On February 18, the research group of Prof. Xu Ke and Prof. Lan Ke from the State Key Laboratory of Virology published a paper entitled Coinfection with Influenza A Virus Enhances SARS-CoV-2 Infectivity in Cell Research The paper reported for the first time that the influenza A virus (IAV) can significantly enhance SARS-CoV-2 virus infectivity and, by constructing a mouse model of influenza A virus and neocoronavirus co-infection,  they found that co-infection with IAV and SARS-CoV-2 in mice results in more severe disease. The research team also conducted further studies on the molecular mechanism of IVA promoting the infection and pathogenicity of SARS-CoV-2. The results show that co-infection of the two viruses adds fuel to the fire (Fig. 1), which enhances the infectivity of SARS-CoV-2, and consequently causes more serious diseases. The research provides a scientific basis for further attention and prevention of co-infection with both viruses.

In the study, the research team first co-infected IAV (H1N1, H3N2, and influenza B) with pseudo-SARS-CoV-2 and live SARS-CoV-2 respectively. It was found that pre-infection with the influenza virus would significantly promote the invasion and replication of SARS-CoV-2, a phenomenon present in a variety of human respiratory tract cells and human lung tissue cells. As a result, the cells that were not infected with SARS-CoV-2 can be changed into completely susceptible ones, which indicates that co-infection of the two viruses may cause more cells and tissues in patients to be attacked by the virus (Fig. 2). In SARS-CoV-2 recipient human ACE2 transgenic mice, co-infection of IAV and SARS-CoV-2 results in more severe lung pathological damage and higher SARS-CoV-2 viral load (Fig. 3).

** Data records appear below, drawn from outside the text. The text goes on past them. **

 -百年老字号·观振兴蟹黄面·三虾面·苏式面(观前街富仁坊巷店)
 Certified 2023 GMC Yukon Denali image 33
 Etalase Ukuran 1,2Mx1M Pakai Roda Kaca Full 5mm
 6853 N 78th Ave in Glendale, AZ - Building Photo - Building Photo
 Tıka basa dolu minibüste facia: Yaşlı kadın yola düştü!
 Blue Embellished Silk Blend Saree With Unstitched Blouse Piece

Fig.1 Co-infection of influenza virus and new coronavirus adds fuel to the fire

The research team then focused on ACE2, the key receptor of SARS-CoV-2 invasion. The results show that the ACE2 mRNA level was slightly increased (2-3 fold) due to post-IAV infection alone, but it was strongly up-regulated (about 20 fold) after IAV and SARS-CoV-2 co-infection (Fig. 4). This indicates that IAV infection is like an engine starter, which can aggravate SARS-CoV-2 infection by starting the expression of ACE2 and accelerating the subsequent expression process. The study also found that the regulative effect of IAV on ACE2 is not regulated by interferon, which indicates that the immune response of the body against IAV cannot protect individuals from the invasion of SARS-CoV-2. Therefore, it should not be deemed that immunity against other viruses can be obtained through the common flu. Fortunately, other common respiratory viruses such as HRSV, HPIV and HRV3 are not capable of promoting the infection of SARS-CoV-2. Therefore, dealing with the influenza virus is the top priority in co-infection prevention and control.

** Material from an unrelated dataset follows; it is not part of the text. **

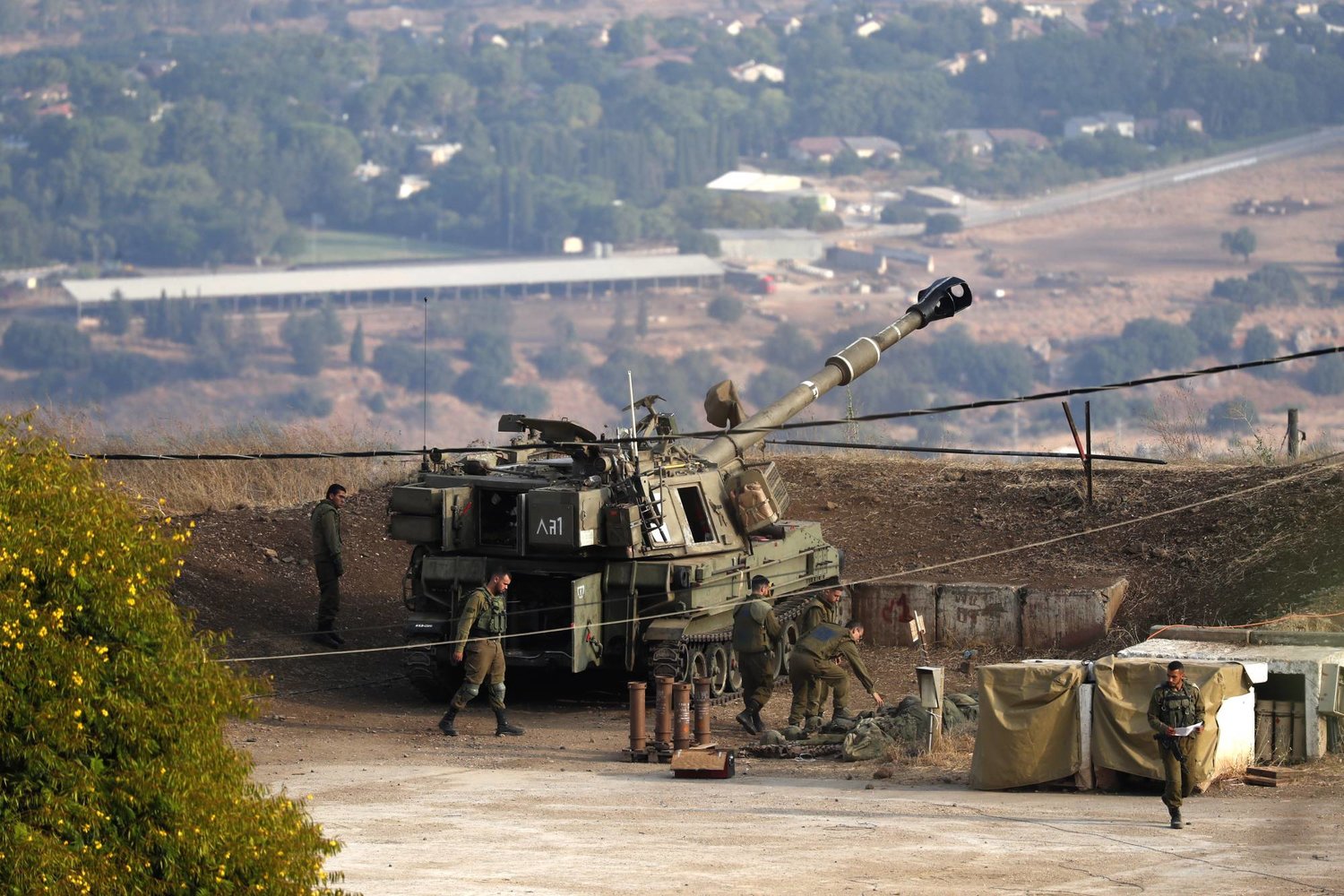 هل تنجح الجهود الأمريكية في منع توسيع الحرب إلى لبنان؟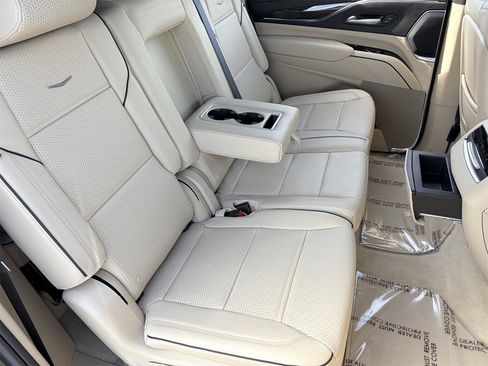 Certified 2023 Cadillac Escalade ESV Premium Luxury image 14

The study suggests that scientific monitoring and prevention should be carried out in response to the winter influenza and new coronavirus. At the same time, it is advocated that the public should be vaccinated against influenza and COVID-19 to reduce the risk of co-infection. The research also illustrates that the development of a new generation of broad-spectrum antiviral drugs for more than one virus is the pioneering trend in treating co-infection diseases.

The study is funded by the National Key R&D Program of China, Wuhan University New Coronavirus Research Project and Taikang Yicai Public Welfare Foundation, and is supported by Wuhan University Animal Biosafety Level 3 Laboratory. The co-first authors of the paper are Associate Researcher Bai Lei, post-doctoral scholar Dong Jiazhen, PhD students Zhao Yongliang and Liang Simeng, and senior experimentalist Guo Ming. Prof. Xu Ke and Prof. Lan Ke are the co-corresponding authors. Other members involved in the study are from the COVID-19 research group of the State Key Laboratory of Virology including Yan Huan, Chen Yu, Zhou Li and Dai Ming.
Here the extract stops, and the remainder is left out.